JSR 309 shows also drawbacks in relation to its extensibility. In JSR 309 it is possible to support new media object types using MediaGroups, however, configuration of these new types have to be done with Media Server specific descriptions as strings, which cannot be validated by the compiler. It is important to note that these new media object types cannot be NetworkConnection, only MediaGroups. This is a hard limitation because no other network protocol different than RTP (negotiated through SDP) can be incorporated. The ideal would be to allow supporting the creation of new object types in a similar way than the core types, with factory methods in MediaSession (e.g. createNetworkConnection, createMediaGroup, etc.), but this is not possible as MediaSession is an interface defined in JSR 309 API and hence it cannot be modified by the API user.

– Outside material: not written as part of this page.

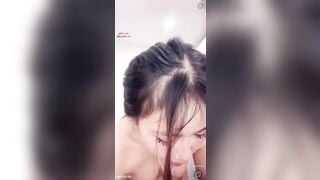 Livetream của idol tiktok Thảo Baby,e này chuyên chiều ng xem vừa tắm xg là lại móc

Further limitations about JSR 309 include:

  • A counter-intuitive asynchronous development model based on an obscure joinInitiate primitive, which is incompatible with modern Java mechanism for managing asynchrony such as futures, continuations or lambdas. This lack of clean asynchronous programming model makes JSR 309 difficult to adapt to reactive programming frameworks and languages that are very demanded by developers today such as Node.js or Scala.

  • A complete lack of mechanisms for monitoring and gathering quality stats on media sessions. This is an essential ingredient for production systems.

  • JSR 309 is designed specifically for the Java language. It would be desirable a portable API that can be used in as more languages as possible.

  • This API is specifically designed to control Media Servers for phone communications because it exposes concepts like Dialogs (Prompt and record, DTMF, VoiceXML dialog, etc.). For example, it is mandatory for an implementation to provide a player with the capability to detect audio signals in DTMF, but this kind of functionality is not very useful in web applications.

2.2 Foundations of API evaluation and characterization

APIs are critical, non-optional and cross-cutting in the construction of modern software systems [39]. Programming is a hard mental work and developers need to deal with large amounts of information for writing satisfactory code. In that duty, APIs are the most critical ingredient, especially when dealing with distributed systems and enterprise frameworks. For example, recent works [40] show that API misuse is the single most prevalent cause of software defects.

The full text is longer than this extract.